WHAT THE TASK ASKS: From the entries below, transcribe exactly the lines between the line holding "So I'll see" and the line holding "Soft ground literally", inclusive; skip all other lines.

DATA:
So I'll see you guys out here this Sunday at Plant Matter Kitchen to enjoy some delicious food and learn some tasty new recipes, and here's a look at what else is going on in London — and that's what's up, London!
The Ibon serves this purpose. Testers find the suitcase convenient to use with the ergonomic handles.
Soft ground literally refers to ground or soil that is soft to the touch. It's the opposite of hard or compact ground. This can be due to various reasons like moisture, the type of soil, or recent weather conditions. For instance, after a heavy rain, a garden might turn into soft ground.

...

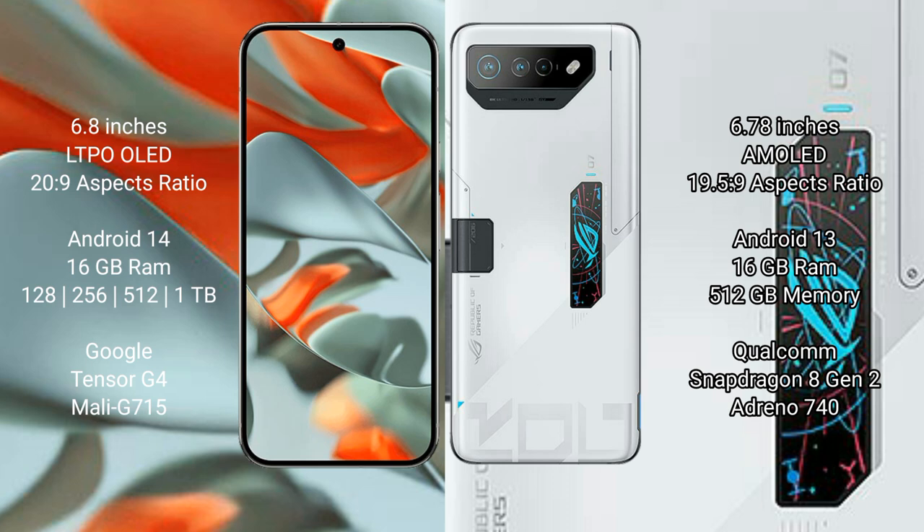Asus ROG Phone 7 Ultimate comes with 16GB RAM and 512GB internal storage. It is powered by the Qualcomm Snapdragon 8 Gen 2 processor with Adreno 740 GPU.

* * *

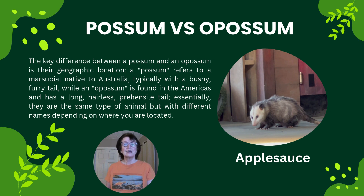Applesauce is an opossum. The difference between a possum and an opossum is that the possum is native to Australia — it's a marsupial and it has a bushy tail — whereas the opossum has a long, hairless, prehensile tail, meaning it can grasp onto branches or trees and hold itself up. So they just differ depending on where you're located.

ANSWER:
So I'll see you guys out here this Sunday at Plant Matter Kitchen to enjoy some delicious food and learn some tasty new recipes, and here's a look at what else is going on in London — and that's what's up, London!
The Ibon serves this purpose. Testers find the suitcase convenient to use with the ergonomic handles.
Soft ground literally refers to ground or soil that is soft to the touch. It's the opposite of hard or compact ground. This can be due to various reasons like moisture, the type of soil, or recent weather conditions. For instance, after a heavy rain, a garden might turn into soft ground.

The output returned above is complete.